The problems that the Federal and State Liberal branches are experiencing have become susceptible in the Younger branches. Most of the members are aggressive careerists, who will put aside whatever principles they held in an attempt to be electable, not persuade potential voters that they aren’t out of date. Or they will elevate principles that aren’t convincing outside of inner-city suburbs. When the NSW Young Liberals made their submission to the party’s Federal Election review, it claims it lost middle Australia, blaming conservative candidates like Katherine Deves, and refusing to acknowledge that much of their safe seats in affluent suburbs, now held by the Teals, were moderates who took an unconvincing stance on climate change and struggled to campaign on anything else except to plead to their electorates ‘don’t vote for the other candidate’ and imitate their colours.
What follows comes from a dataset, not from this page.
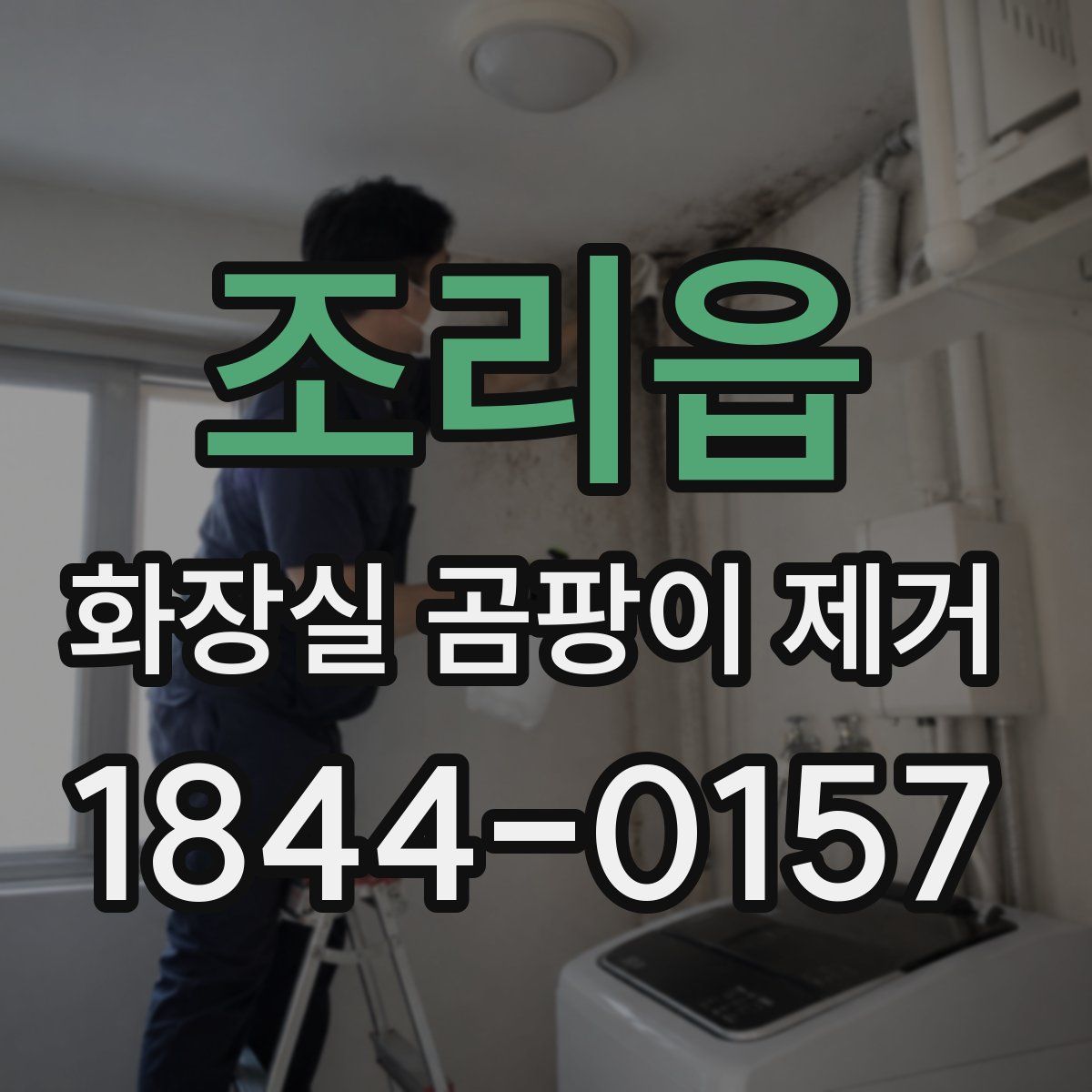조리읍 화장실 곰팡이 제거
The insistence that they are, in essence, a broad church of conservative and classically liberal politics, does not hold up, because none of them practise what they preach. Without the proof in the pudding, it becomes an unrecognisable party. Cater to Middle Australia, sure, but change doesn’t occur without an interest in genuine reform and democracy. Instead, the party plays it safe when they refuse to see what the actual demographics are of these seats think versus the potential demographics from other areas they could vie for.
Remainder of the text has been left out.